Genesis 20:3

8) in een

God heeft in voorgaande tijden zich geopenbaard door dromen, niet alleen den zijnen, maar ook aan degenen, die vreemd van zijn volk waren, en dat ten beste van de zijnen. Zie onder Gen. 28:12, en Gen. 31:24, en Gen. 40:8, en Gen. 41:1; Dan. 2:1, en Dan. 4:5.

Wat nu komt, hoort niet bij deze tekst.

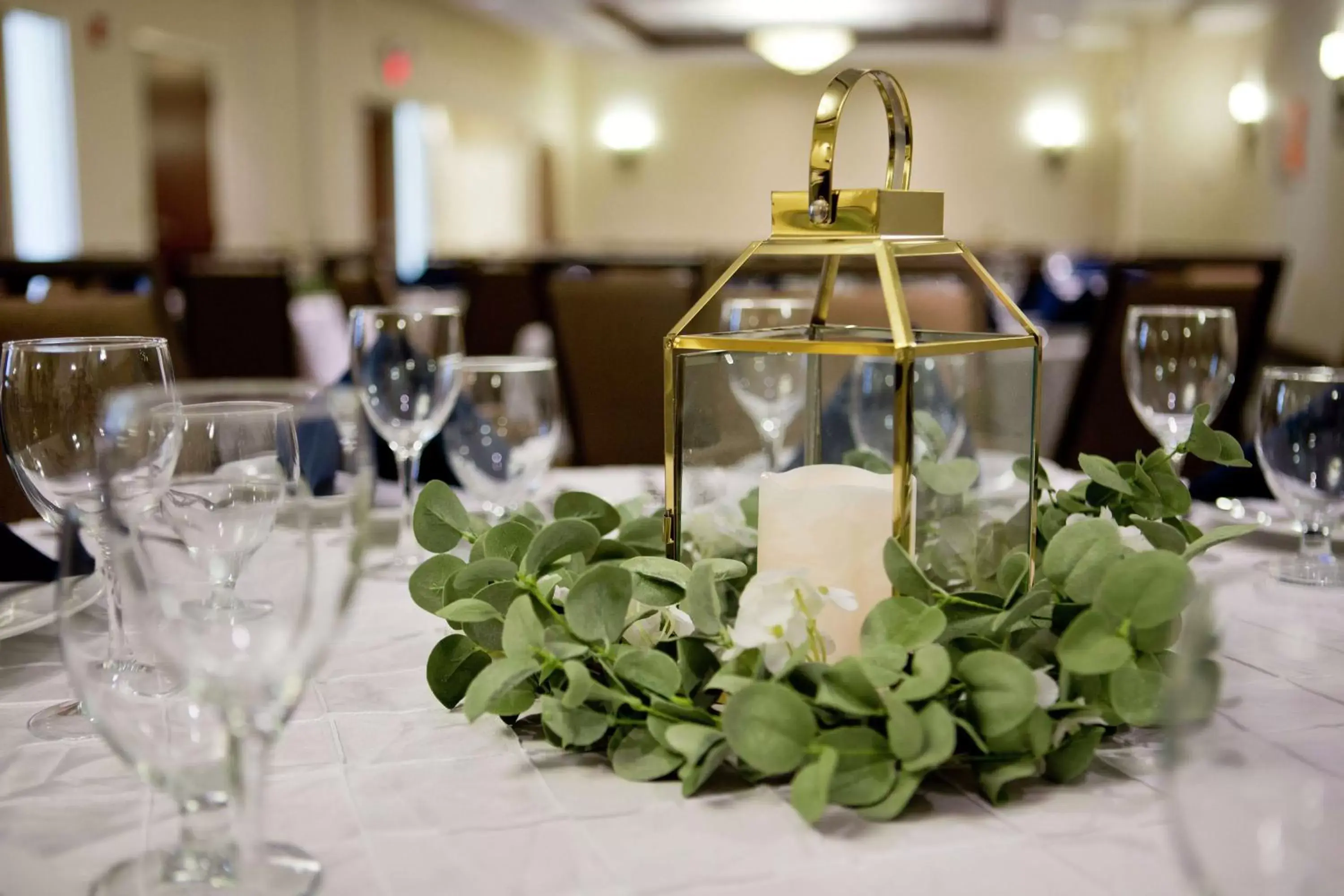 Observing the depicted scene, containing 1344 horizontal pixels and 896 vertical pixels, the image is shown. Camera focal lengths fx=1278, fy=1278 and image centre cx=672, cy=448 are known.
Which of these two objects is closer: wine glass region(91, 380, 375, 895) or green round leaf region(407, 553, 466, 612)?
wine glass region(91, 380, 375, 895)

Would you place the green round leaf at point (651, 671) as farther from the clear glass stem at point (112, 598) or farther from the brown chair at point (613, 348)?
the brown chair at point (613, 348)

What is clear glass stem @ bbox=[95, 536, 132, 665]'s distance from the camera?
2.15ft

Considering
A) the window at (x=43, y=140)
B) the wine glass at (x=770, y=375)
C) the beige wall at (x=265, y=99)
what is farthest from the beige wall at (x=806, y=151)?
the wine glass at (x=770, y=375)

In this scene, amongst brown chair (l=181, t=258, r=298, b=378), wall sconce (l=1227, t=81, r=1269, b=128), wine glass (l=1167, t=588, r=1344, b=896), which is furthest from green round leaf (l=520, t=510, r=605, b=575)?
wall sconce (l=1227, t=81, r=1269, b=128)

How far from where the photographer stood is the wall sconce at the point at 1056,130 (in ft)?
41.8

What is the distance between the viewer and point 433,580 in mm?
679

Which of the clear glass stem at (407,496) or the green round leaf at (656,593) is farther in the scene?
the clear glass stem at (407,496)

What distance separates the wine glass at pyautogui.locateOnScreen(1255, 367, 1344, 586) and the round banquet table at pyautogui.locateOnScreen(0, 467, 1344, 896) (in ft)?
0.86

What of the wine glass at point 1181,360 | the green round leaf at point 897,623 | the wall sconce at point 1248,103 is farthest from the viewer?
the wall sconce at point 1248,103

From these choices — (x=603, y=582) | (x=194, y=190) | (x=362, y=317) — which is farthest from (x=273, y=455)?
(x=194, y=190)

Ge 28.12 31.24 40.8 41.1 Da 2.1 4.5

9) gij zijt

Anders, gij gaat sterven; dat is, gij zult straks sterven, zo gij deze vrouw niet terstond ongeschonden wedergeeft. Verg. onder Gen. 20:7, en zie deze manier van spreken onder Gen. 30:1, en Gen. 48:21, en Gen. 50:24.

Ge 20.7 30.1 48.21 50.24

Genesis 31:24

37) God kwam

Te weten, eer hij Jakob achterhaalde, of bij hem kwam.

38) in een droom

Zie boven, Gen. 20:3.

Ge 20.3

39) noch goed,

Hebr. van het goede tot het kwade, dat is, noch met goede, noch met kwade woorden zult gij hem van zijn reis afbrengen, maar laten hem in zijn reis voortgaan. Verg. boven, Gen. 24:50.